She-Crab Soup

This delectable recipe will have you clamoring for more.
Andria Scott Hurst

A culinary icon of Charleston, South Carolina, she-crab soup was traditionally a rich combination of cream, crabmeat, roe (eggs), and a splash of sherry. The meat from a female crab is said to be sweeter, but it was the addition of her red-orange roe that created the dish's depth of flavor and beautiful pale color and resulted in the name "she-crab" soup.

These days, roe is not harvested in an ecological effort to preserve the supply of crabs. Is it still she-crab soup if there's no roe? Yes--and no. The heart of the recipe remains the same. But when you can, try it made with roe, and savor every precious spoonful.

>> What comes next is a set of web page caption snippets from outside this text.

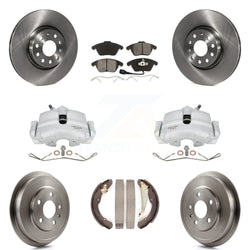Front Rear Disc Brake Caliper Rotors Drums Semi-Metallic Pads Kit (8Pc) For Volkswagen Jetta With 312mm Diameter Rotor KC8-100830S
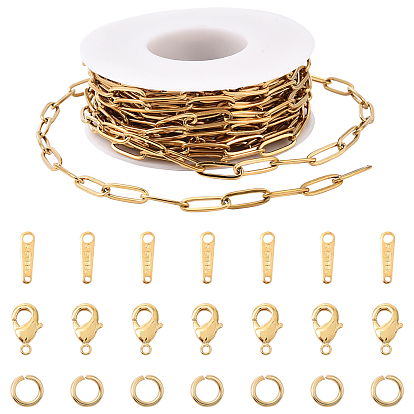 Наборы для самостоятельного изготовления цепочек/браслетов, Включая 304 цепочки из нержавеющей стали в виде скрепок, застежки для цепочек и открытые соединительные кольца., Карабин-лобстеры, латунные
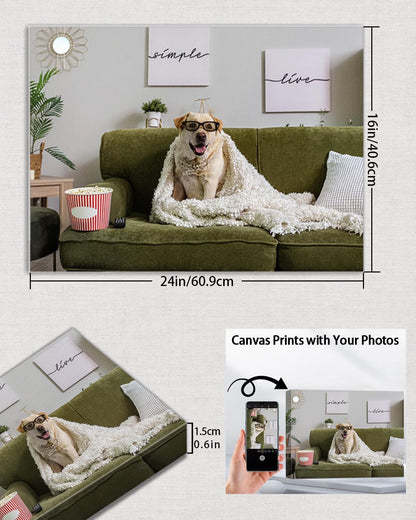 AbcCustomize Canvas Prints with Your Photos, Custom Canvas for Living Room and Bedroom Decor, Personalized gifts for Friends Lover and Family, Canvas Wall Art for Gifts & Keepsakes, Ready to Hang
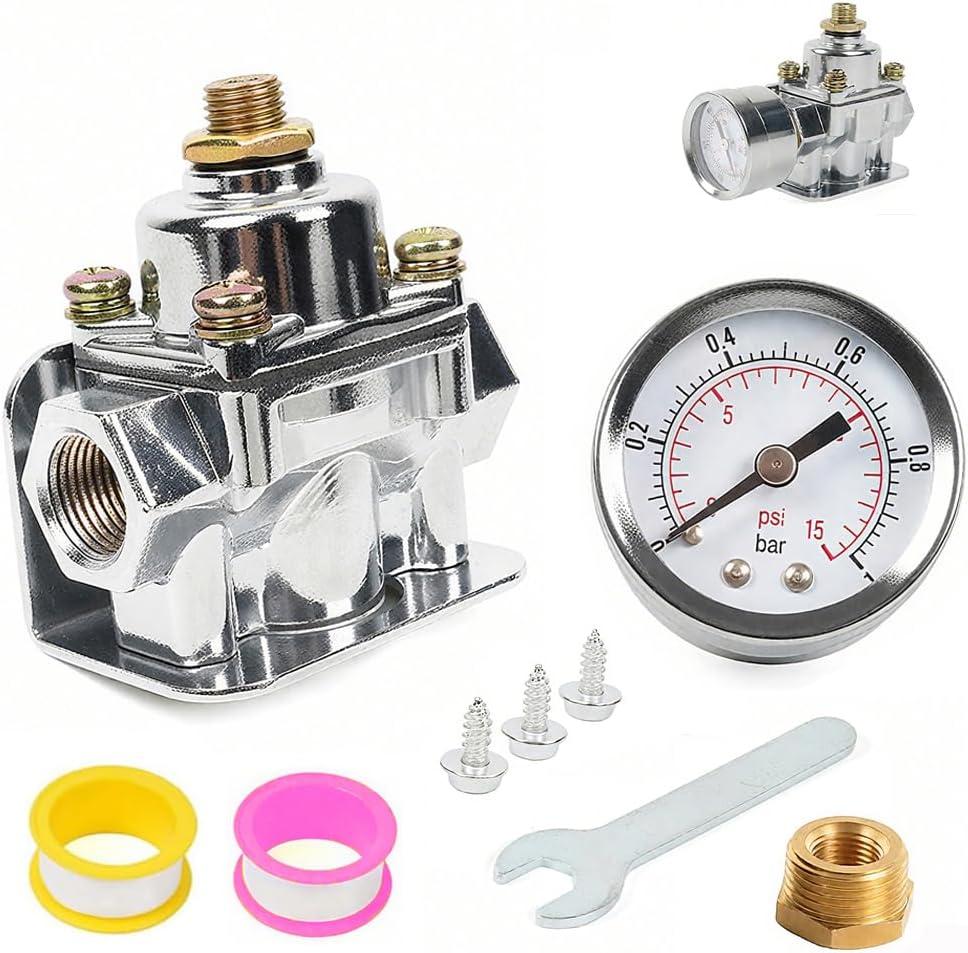 Adjustable Fuel Pressure Regulator Carburetor Parts with Fuel Gauge Kit for Holley and Edelbrock Carburetors, 4 1/2 to 9 PSI, 3/8in NPT, 12-803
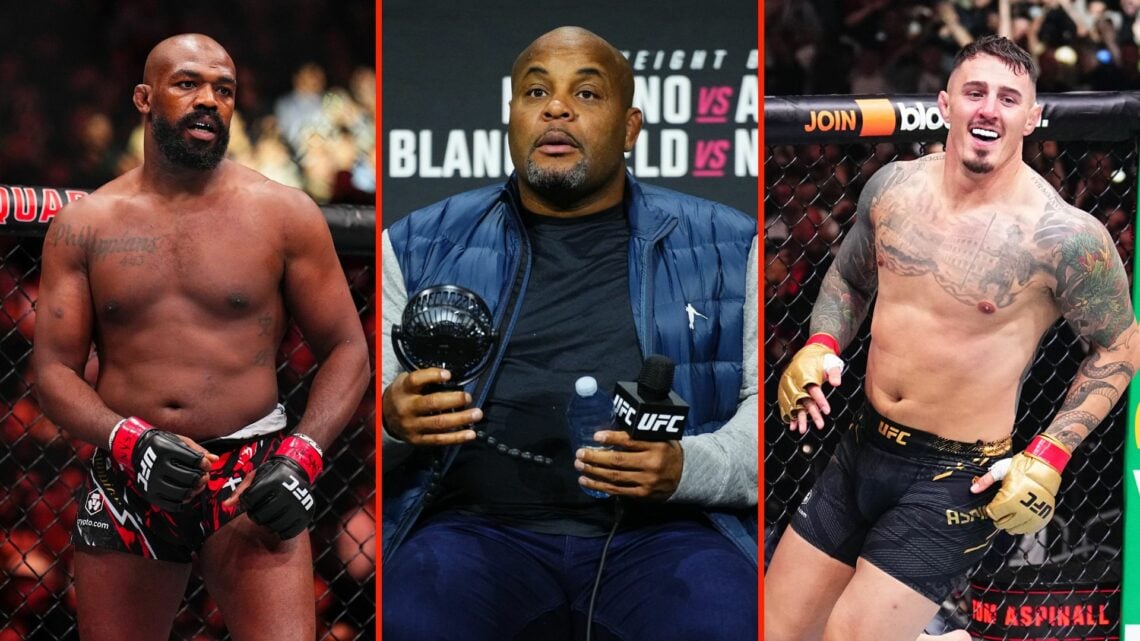 Jon Jones (left), Daniel Cormier (middle) and Tom Aspinall (right)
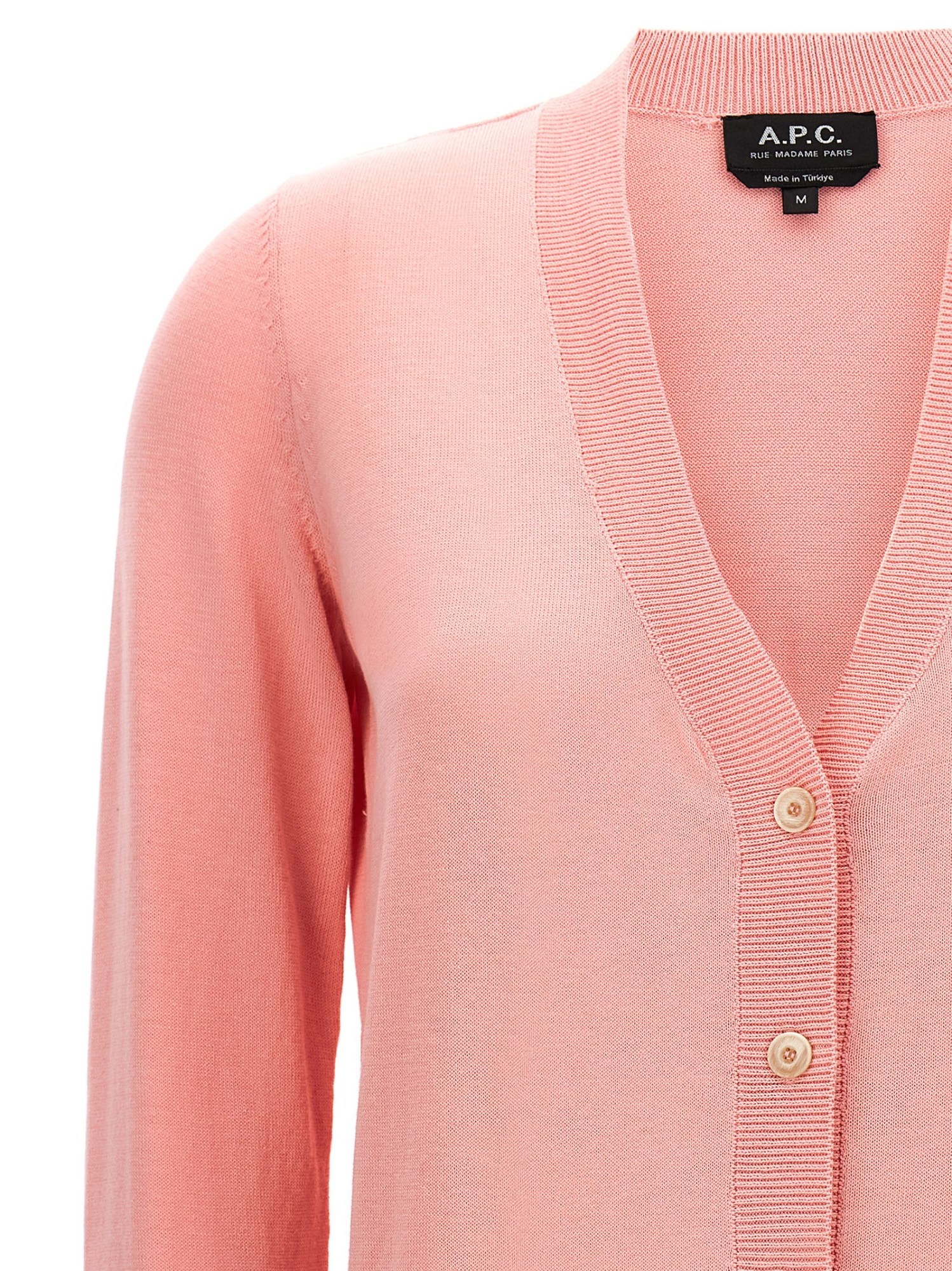 Apc Logo-embroidered Cotton Cardigan In Pink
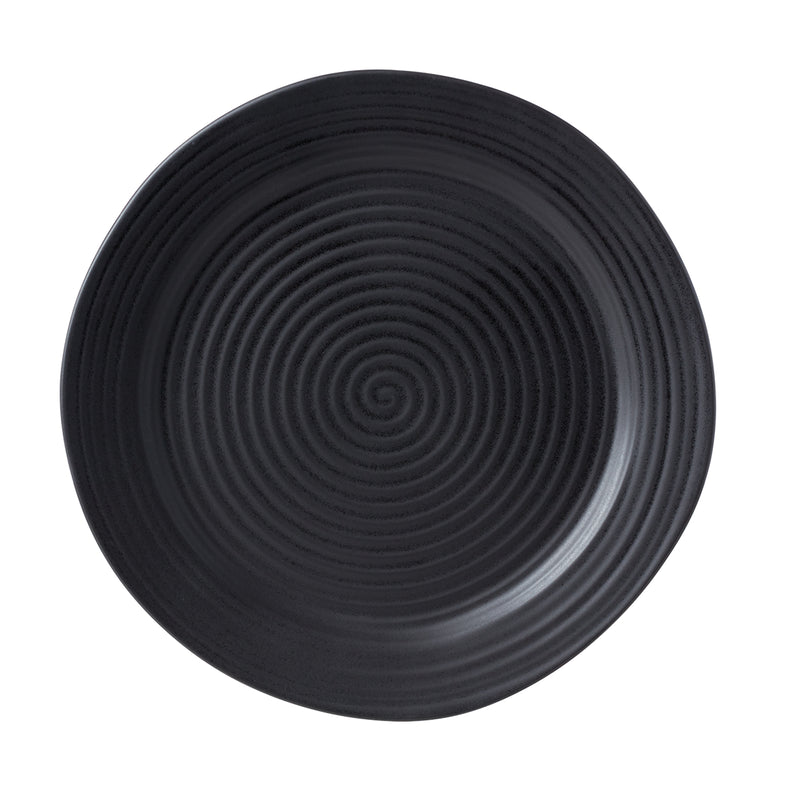 Ridge Black Dinner Plate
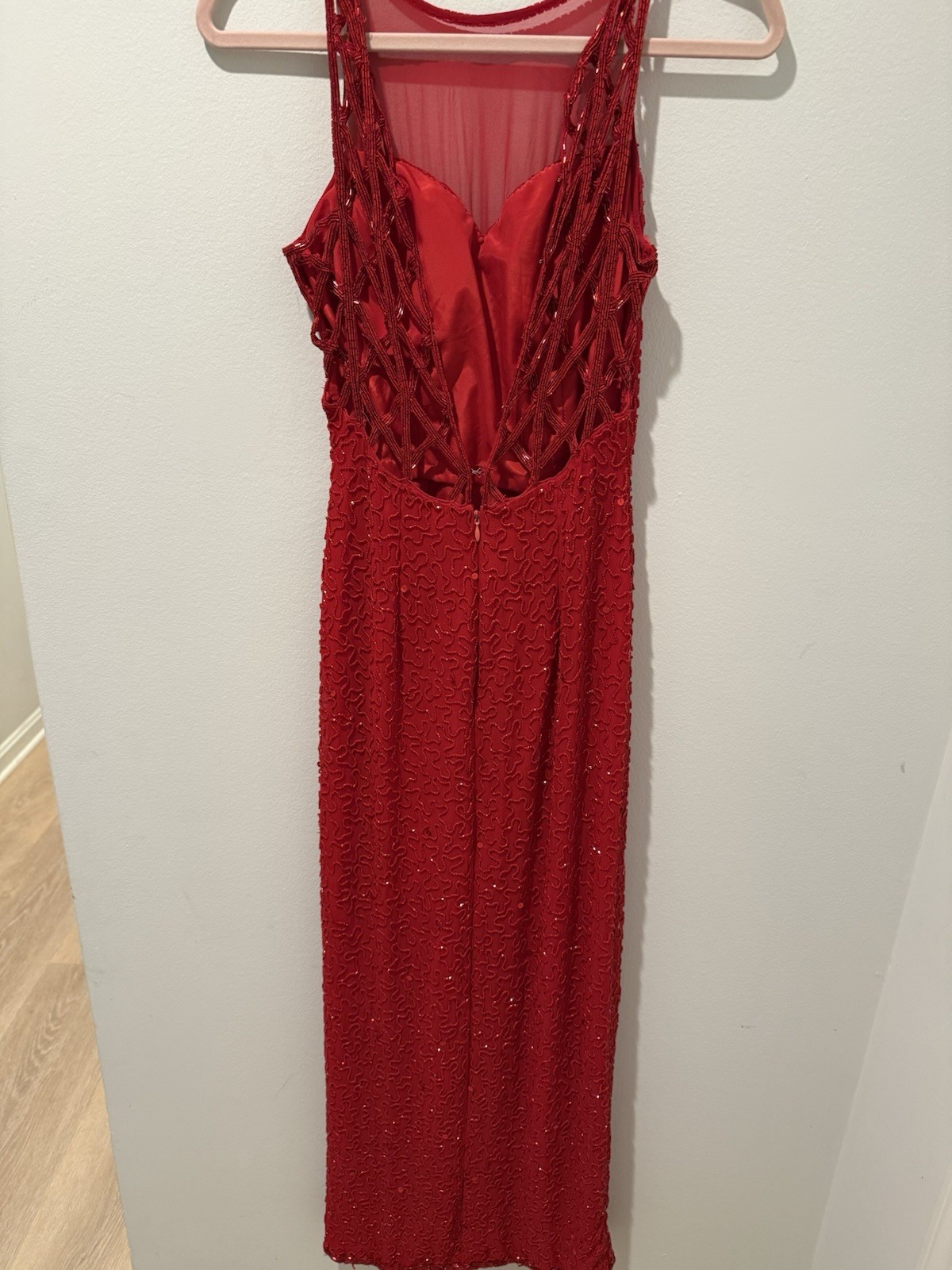 Vintage Andretta Donatello Red Silk Beaded Mesh Gown Size XS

You'll find some variations, but purists know the basic recipe is the true Southern tradition. Fresh crabmeat is essential. For all of you lucky enough to catch your own crabs, you'll need about a dozen. If you remove the shell of the female crab and discover what looks like a mass of tiny red-orange beads inside, you've struck gold--I mean roe. Remove it carefully; stir it into the soup with the crabmeat. (Note: Female crabs with roe on the outside must be returned to the water.)

Whether your crabmeat is from crabs you caught yourself or from the supermarket, enjoy a taste of the region.

 

Blue Crabs 101
Blue crabs are the star of this soup. If you're lucky enough to get the meat from fresh crabs, keep these tips in mind.

  • Choose live crabs that are active and heavy for their size.
  • For steamed crabs, combine 1/4 cup plus 2 tablespoons coarse sea salt, 1/4 cup plus 2 tablespoons Old Bay seasoning, 3 tablespoons pickling spice, 2 tablespoons celery seeds, and 1 tablespoon crushed red pepper flakes (optional). Bring 1 cup water and 1 cup vinegar to a boil in a stockpot. Place a rack in stockpot. Add 1 dozen live crabs; sprinkle with seasoning mixture. Cover and cook for 20 to 25 minutes or until crabs turn bright red. Rinse with cold water; drain well.
  • To get to the cooked meat, twist off crab legs and claws. Crack claws; remove meat with a small fork. Next, remove the apron, or tail flap, from the underside; discard. Insert thumb under shell by apron hinge; remove top shell. Pull away the gray gills; discard them along with internal organs. Break the body; remove meat from pockets. Pick through meat to remove all shell fragments.